What happened to the cheetah?
How did these bottleneck events affect their genetic variation?
How did the change in genetic variation affect the health of the species?
Where does genetic variation ultimately come from?
What mechanisms can maintain and increase genetic variation in natural populations?
 
LOL. How did Critterman get to be a top contributor in zoology?

> What happened to the cheetah?
The cheetah got bottlenecked down to there being a very few individuals alive at one time. All cheetahs today are descended from these very few, and thus the cheetah species as a whole is highly inbred. There is no "hybrid vigor" going on in this species because all the animals are very much related to each other -- as is shown by the nonrejection of tissue -- the immune systems are recognizing it as "self" even though it came from another animal.

> How did these bottleneck events affect their genetic variation?
With only a few individuals alive at the bottleneck events, genetic variation was pretty nearly eliminated. For most genes, there are no variant alleles at all. For a few, unfortunately, the survivors included individuals heterozygous for deleterious alleles. With inbreeding going on, the deleterious alleles are matching up with each other and being expressed, causing genetic diseases. See below.

> How did the change in genetic variation affect the health of the species?
It's pretty obvious that this species is unhealthy. Matching deleterious alleles are being expressed in a large proportion of individuals, thus "low survivorship (a large number of animals dying), poor sperm quality, and greater susceptibility to disease."

> Where does genetic variation ultimately come from?
Ultimately from mutations.
Mutations make new alleles.
Gene duplication events can keep a good copy of a gene around, while allowing a second copy to mutate and perhaps be repurposed.
Viruses can, rarely, carry useful genes from one organism to another through lysogeny. It happens.

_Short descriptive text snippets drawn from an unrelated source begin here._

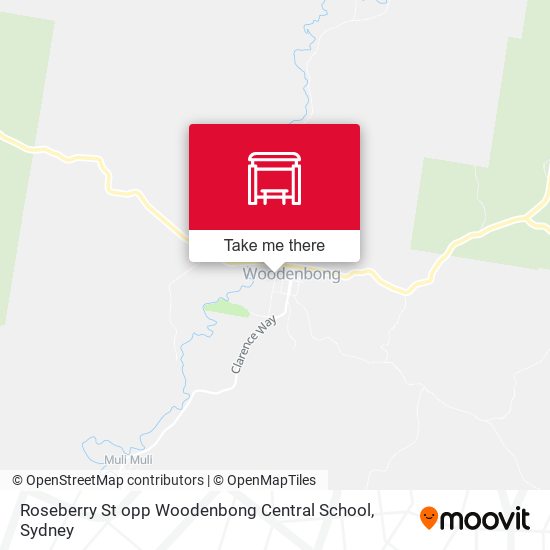 Roseberry St opp Woodenbong Central School map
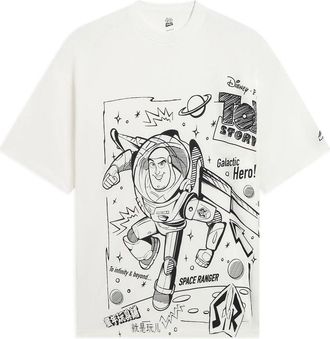 Li-Ning x Disney Toy Story Graphic Loose Fit T-shirt White AHSS703-2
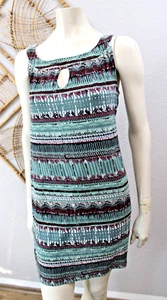 Neu💙 Gina Benotti 💙weiches Jersey Strand Kleid 36 38 gemustert ohne Arm 💙 - Bild 1 von 6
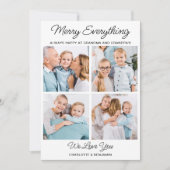 メリー全ての祖父母4写真クリスマス シーズンカード (正面)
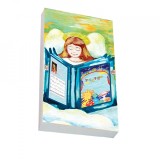 Cumpara ieftin Carnetel de buzunar Soapta Stelelor Inger Citind 5 x 8 cm 100 Foi Velina Legare Brosata Coperta Lucioasa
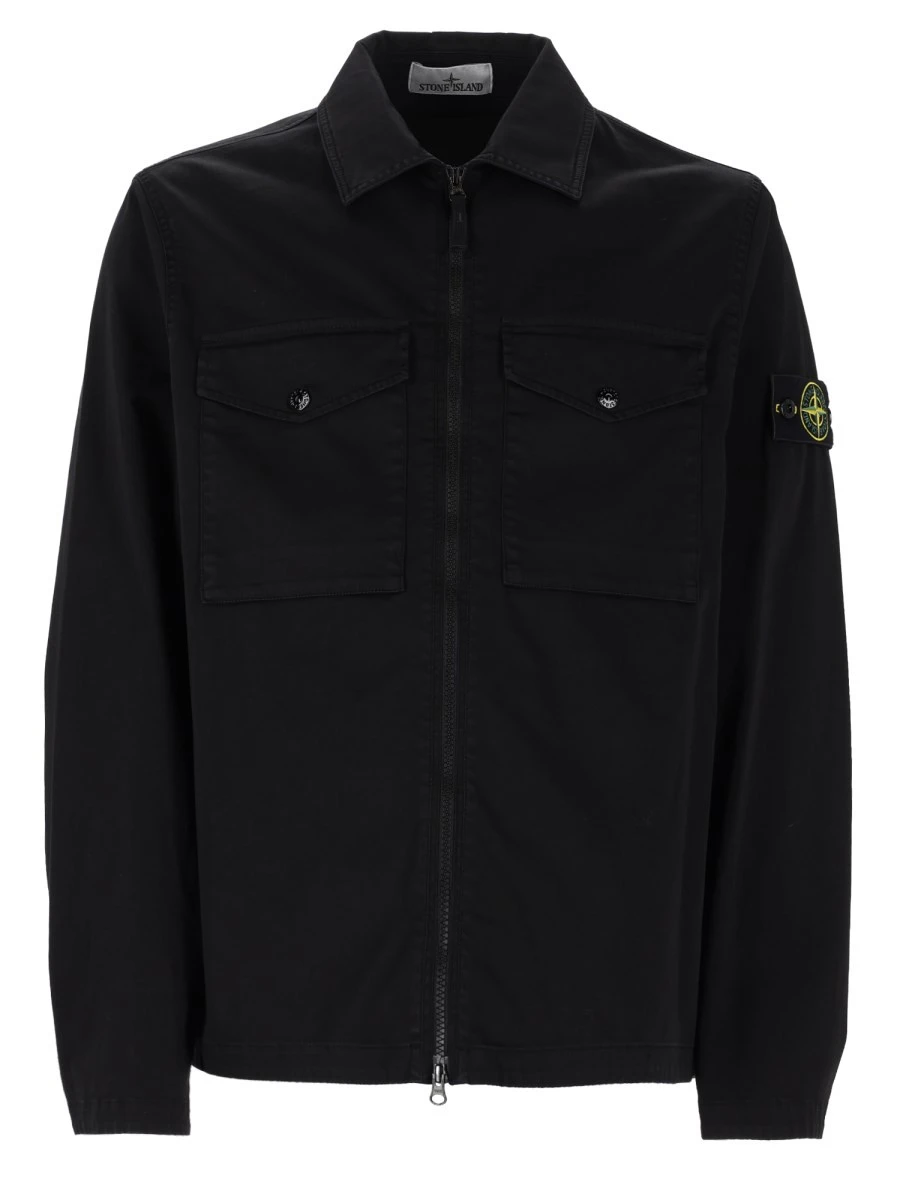 OVERSHIRT CON ZIP E TASCHE SUL PETTO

> What mechanisms can maintain and increase genetic variation in natural populations?
Mutations make new alleles.
Immigration can bring new alleles to a semi-isolated population.
Sexual reproduction combines alleles in different ways.
Not being killed by people.

Obviously this works better if you have lots of populations rather than a few, and also if you're working with larger populations rather than smaller.